Dataset records —
-.-.-

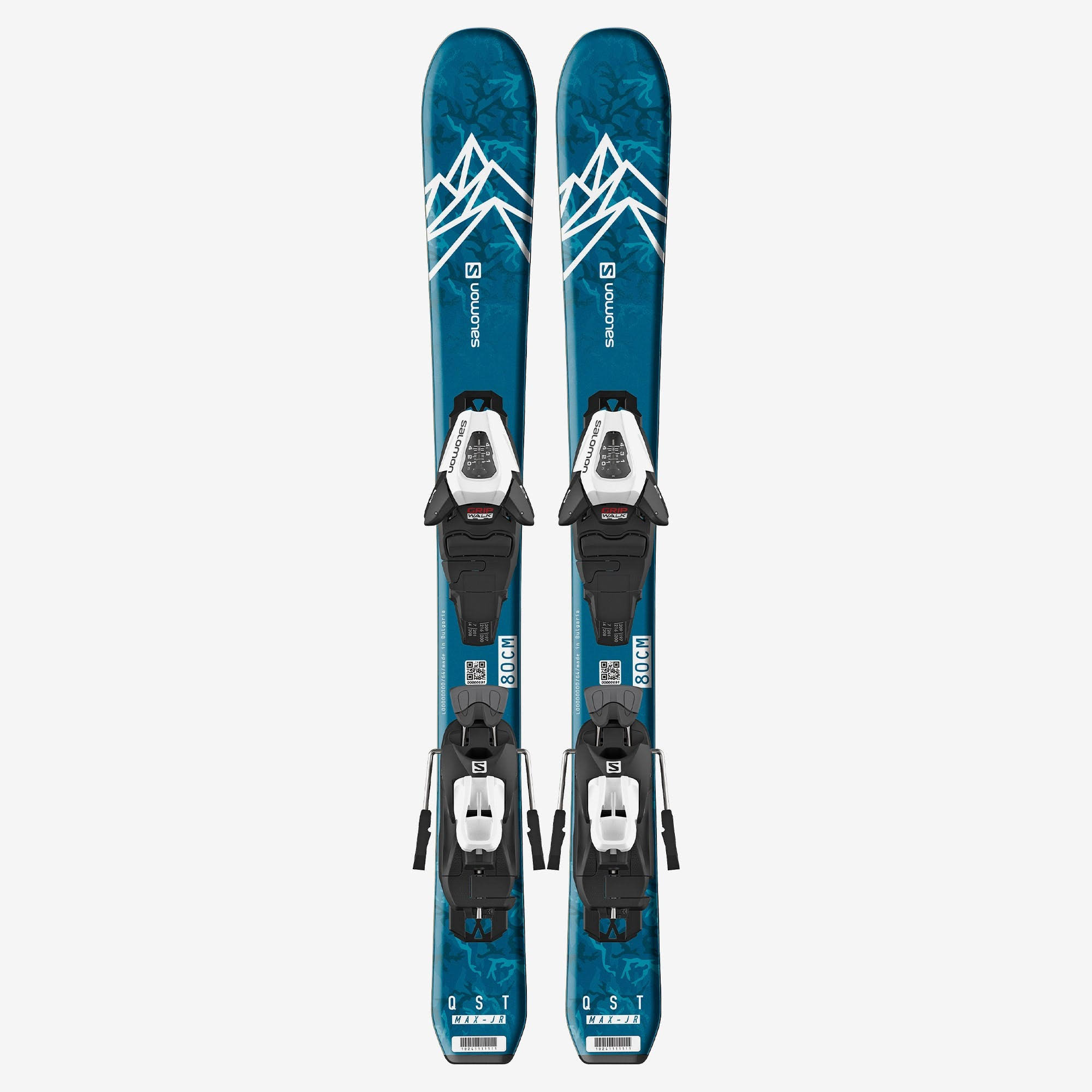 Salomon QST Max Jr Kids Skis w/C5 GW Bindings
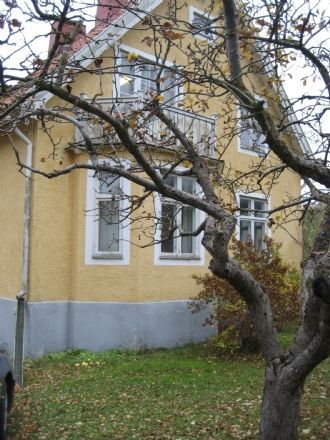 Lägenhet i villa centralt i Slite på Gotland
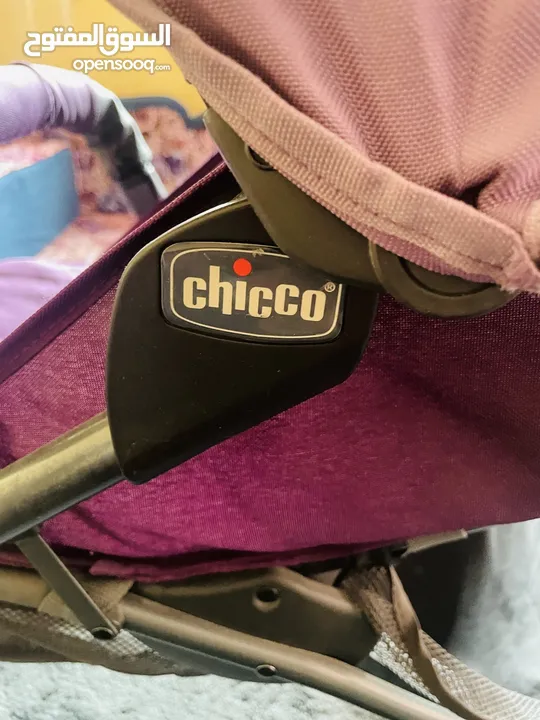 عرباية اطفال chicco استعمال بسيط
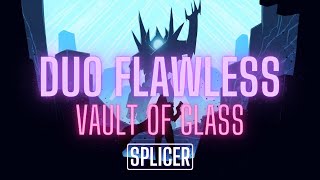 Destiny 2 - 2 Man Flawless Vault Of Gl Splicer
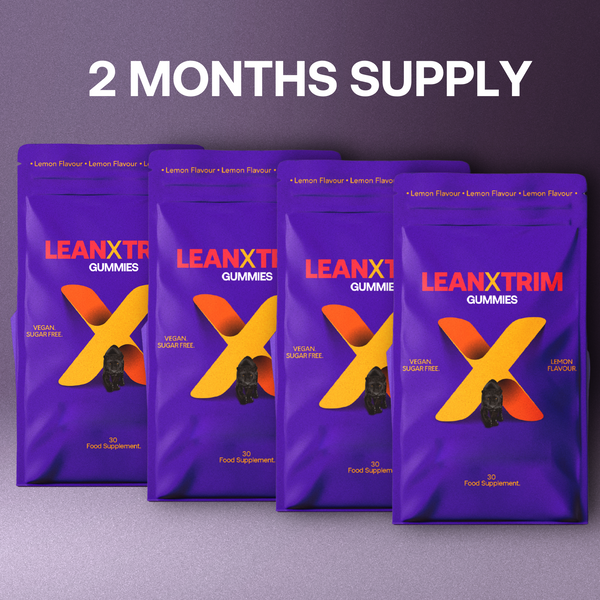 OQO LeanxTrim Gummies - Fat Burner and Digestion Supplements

-.-.-

What you have to do — Please retype exactly the lines from the one containing "عرباية اطفال chicco استعمال بسيط" through the last line of the records, both included, leaving out every picture.

Problem solution —
 عرباية اطفال chicco استعمال بسيط
 Destiny 2 - 2 Man Flawless Vault Of Gl Splicer
 OQO LeanxTrim Gummies - Fat Burner and Digestion Supplements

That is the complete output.